An air conditioner for a vehicle generally refers to an air conditioning device circulating a refrigerant in order to heat or cool an interior of the vehicle.
The air conditioning device, which is to maintain the interior of the vehicle at an appropriate temperature regardless of a change in an external temperature to maintain a comfortable interior environment, is configured to heat or cool the interior of the vehicle by heat exchange by an evaporator in a process in which a refrigerant discharged by driving of a compressor is circulated to the compressor through a condenser, a receiver drier, an expansion valve, and the evaporator.
That is, the air conditioning device lowers a temperature and a humidity of the interior by condensing a high-temperature high-pressure gas-phase refrigerant compressed from the compressor by the condenser, passing the refrigerant through the receiver drier and the expansion valve, and then evaporating the refrigerant in the evaporator in a cooling mode in summer.
Recently, in accordance with a continuous increase in an interest in energy efficiency and an environmental pollution problem, the development of an environmentally-friendly vehicle capable of substantially substituting for an internal combustion engine vehicle has been demanded, and the environmentally-friendly vehicle is generally classified into an electric vehicle driven using an fuel cell or electricity as a power source and a hybrid vehicle driven using an engine and a battery.

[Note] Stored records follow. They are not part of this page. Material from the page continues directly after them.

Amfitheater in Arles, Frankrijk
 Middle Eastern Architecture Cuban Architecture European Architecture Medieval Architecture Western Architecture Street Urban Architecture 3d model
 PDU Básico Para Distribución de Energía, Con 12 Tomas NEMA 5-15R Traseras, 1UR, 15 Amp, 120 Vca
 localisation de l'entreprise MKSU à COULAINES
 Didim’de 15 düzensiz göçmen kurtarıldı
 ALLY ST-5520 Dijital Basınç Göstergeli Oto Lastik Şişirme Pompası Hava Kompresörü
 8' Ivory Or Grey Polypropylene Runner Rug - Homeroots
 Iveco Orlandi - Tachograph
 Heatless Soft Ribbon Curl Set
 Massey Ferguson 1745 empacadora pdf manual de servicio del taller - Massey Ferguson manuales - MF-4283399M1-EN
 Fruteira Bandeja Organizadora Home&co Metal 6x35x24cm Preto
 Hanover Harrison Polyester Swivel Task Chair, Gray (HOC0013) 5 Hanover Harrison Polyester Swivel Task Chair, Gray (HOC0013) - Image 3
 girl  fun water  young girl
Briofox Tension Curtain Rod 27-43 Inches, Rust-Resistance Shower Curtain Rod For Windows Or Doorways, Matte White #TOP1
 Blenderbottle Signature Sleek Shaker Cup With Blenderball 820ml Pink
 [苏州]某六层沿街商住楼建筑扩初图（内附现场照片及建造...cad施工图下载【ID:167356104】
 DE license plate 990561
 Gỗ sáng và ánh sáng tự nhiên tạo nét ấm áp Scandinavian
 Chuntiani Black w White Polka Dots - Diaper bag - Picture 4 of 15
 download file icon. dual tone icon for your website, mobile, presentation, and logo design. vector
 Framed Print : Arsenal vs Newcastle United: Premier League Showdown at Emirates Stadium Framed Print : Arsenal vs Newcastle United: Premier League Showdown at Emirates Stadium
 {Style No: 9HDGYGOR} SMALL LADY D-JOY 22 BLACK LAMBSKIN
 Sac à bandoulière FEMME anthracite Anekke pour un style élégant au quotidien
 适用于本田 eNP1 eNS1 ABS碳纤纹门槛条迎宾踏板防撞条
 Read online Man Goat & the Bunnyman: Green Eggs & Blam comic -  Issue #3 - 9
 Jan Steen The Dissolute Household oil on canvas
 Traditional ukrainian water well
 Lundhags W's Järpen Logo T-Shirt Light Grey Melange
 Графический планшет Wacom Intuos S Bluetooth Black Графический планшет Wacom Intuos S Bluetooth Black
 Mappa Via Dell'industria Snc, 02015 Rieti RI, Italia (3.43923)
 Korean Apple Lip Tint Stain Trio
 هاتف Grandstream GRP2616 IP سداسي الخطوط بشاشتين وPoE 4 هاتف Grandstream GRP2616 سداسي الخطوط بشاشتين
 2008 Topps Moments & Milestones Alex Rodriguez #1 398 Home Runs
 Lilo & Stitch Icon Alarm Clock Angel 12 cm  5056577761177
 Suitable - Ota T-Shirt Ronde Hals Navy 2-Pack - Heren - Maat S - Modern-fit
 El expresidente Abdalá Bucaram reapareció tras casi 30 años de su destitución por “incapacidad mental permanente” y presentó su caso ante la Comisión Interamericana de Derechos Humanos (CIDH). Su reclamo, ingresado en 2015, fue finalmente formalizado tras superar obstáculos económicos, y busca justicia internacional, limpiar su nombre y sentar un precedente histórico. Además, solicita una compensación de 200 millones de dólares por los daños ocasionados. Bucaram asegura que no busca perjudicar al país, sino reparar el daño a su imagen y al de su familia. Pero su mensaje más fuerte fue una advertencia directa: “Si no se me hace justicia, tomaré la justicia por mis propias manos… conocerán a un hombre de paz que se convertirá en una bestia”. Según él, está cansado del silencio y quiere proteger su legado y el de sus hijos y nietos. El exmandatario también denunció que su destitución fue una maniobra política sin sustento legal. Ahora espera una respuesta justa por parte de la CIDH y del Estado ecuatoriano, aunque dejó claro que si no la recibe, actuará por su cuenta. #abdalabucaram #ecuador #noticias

In the electric vehicle or the hybrid vehicle among these environmentally-friendly vehicles, a separate heater is not used unlike an air conditioner of the internal combustion engine vehicle, and an air conditioner used in the environmentally-friendly vehicle is generally called a heat pump system.
The electric vehicle generates driving force by converting chemical reaction energy between oxygen and hydrogen into electric energy. In this process, heat energy is generated by a chemical reaction in a fuel cell. Therefore, it is necessary to effectively remove generated heat for securing performance of the fuel cell.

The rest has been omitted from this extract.